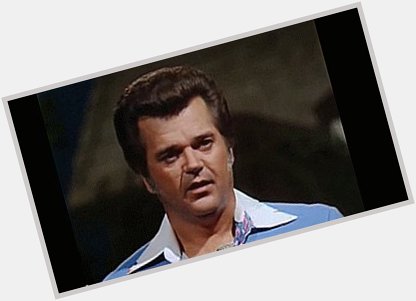 Happy Birthday in heaven, Conway Twitty. We will play during 90s at 9 for you! 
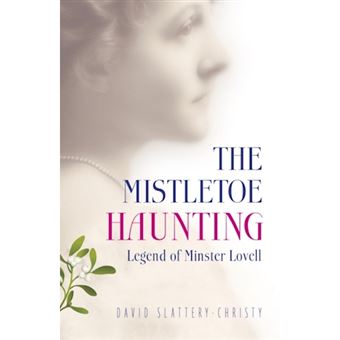 The Mistletoe Haunting Legend Of Minster Lovell - 1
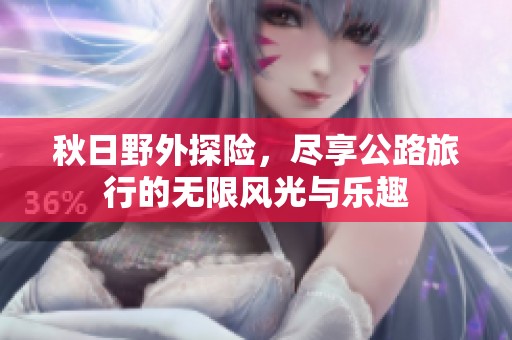 秋日野外探险，尽享公路旅行的无限风光与乐趣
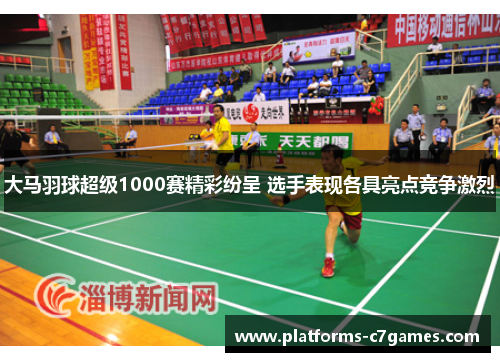 大马羽球超级1000赛精彩纷呈 选手表现各具亮点竞争激烈
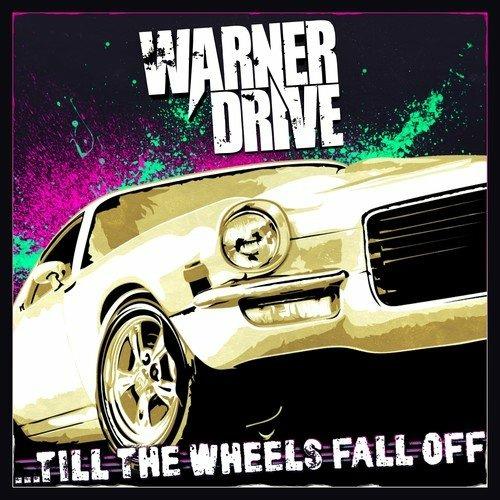 Till the Wheels Fall Off - CD Audio di Warner Drive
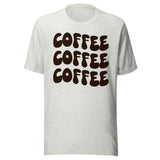 Coffee Coffee Coffee Shirt
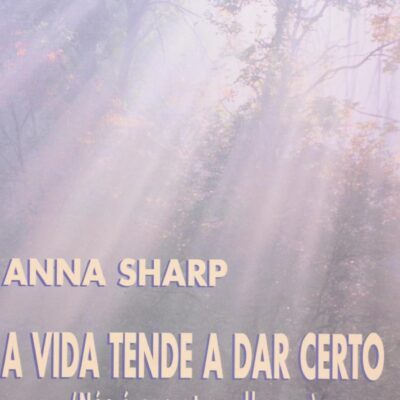 A Vida Tende A Dar Certo - Anna Sharp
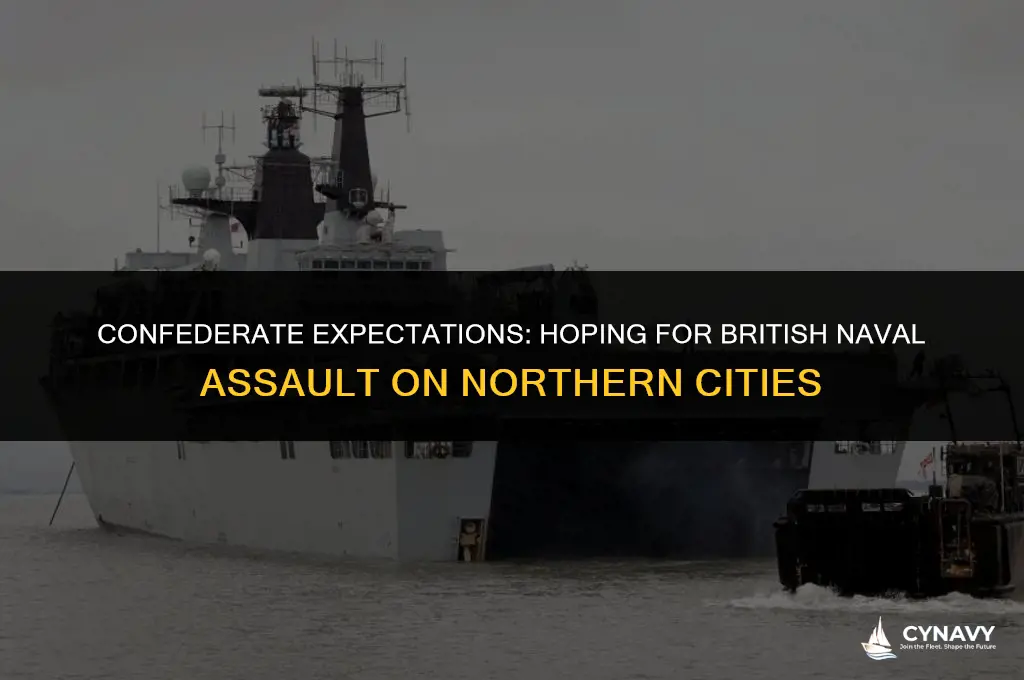 did confederates hoped the british navy would attack northern cities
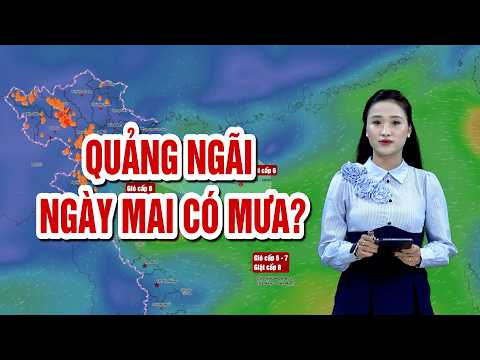 Quảng Ngãi ngày mai có mưa? | BẢN TIN THỜI TIẾT | QNgTV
########################################
— GOAL OF THE EXERCISE —
All of the records should be output exactly as they stand, with pictures omitted.

— YOUR SOLUTION —
 Happy Birthday in heaven, Conway Twitty. We will play during 90s at 9 for you! 
 The Mistletoe Haunting Legend Of Minster Lovell - 1
 秋日野外探险，尽享公路旅行的无限风光与乐趣
 大马羽球超级1000赛精彩纷呈 选手表现各具亮点竞争激烈
 Till the Wheels Fall Off - CD Audio di Warner Drive
 Coffee Coffee Coffee Shirt
 A Vida Tende A Dar Certo - Anna Sharp
 did confederates hoped the british navy would attack northern cities
 Quảng Ngãi ngày mai có mưa? | BẢN TIN THỜI TIẾT | QNgTV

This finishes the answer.